Google Cloud is seeking a Senior Site Reliability Engineer to join their Technical Infrastructure team. This role combines software and systems engineering to build and run large-scale, massively distributed, fault-tolerant systems. As an SRE, you'll be responsible for ensuring Google Cloud's services maintain reliability and appropriate uptime while continuously improving performance and capacity.
The position offers unique challenges of scale specific to Google Cloud, where you'll apply your expertise in coding, algorithms, complexity analysis, and large-scale system design. You'll be involved in the complete service lifecycle, from design and development to deployment and maintenance, with a strong focus on automation and system optimization.

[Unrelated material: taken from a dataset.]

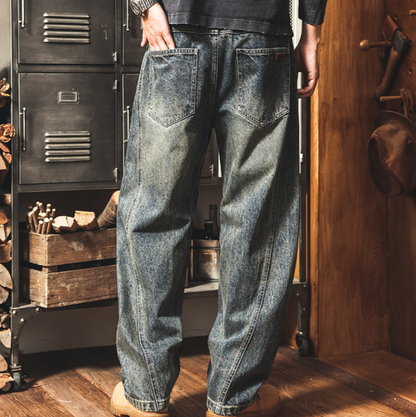 Retro Distressed Wide-Leg Jeans V1056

The role is ideal for someone who thrives in a diverse, intellectually curious environment that promotes problem-solving and openness. You'll work alongside professionals from various backgrounds and perspectives, collaborating in a blame-free environment that encourages big thinking and risk-taking. The team provides strong support and mentorship for continuous learning and growth.
Key aspects of the role include consulting on system design, developing software platforms and frameworks, capacity planning, and launch reviews. You'll also be responsible for monitoring system health, implementing automation for sustainable scaling, and participating in incident response with blameless postmortems.
This position offers the opportunity to work at the heart of Google's technical infrastructure, ensuring millions of users have the best possible experience with Google's services. You'll be part of a team that takes pride in being "engineers' engineers," working on challenging problems at a massive scale while contributing to the evolution of Google's next-generation platforms.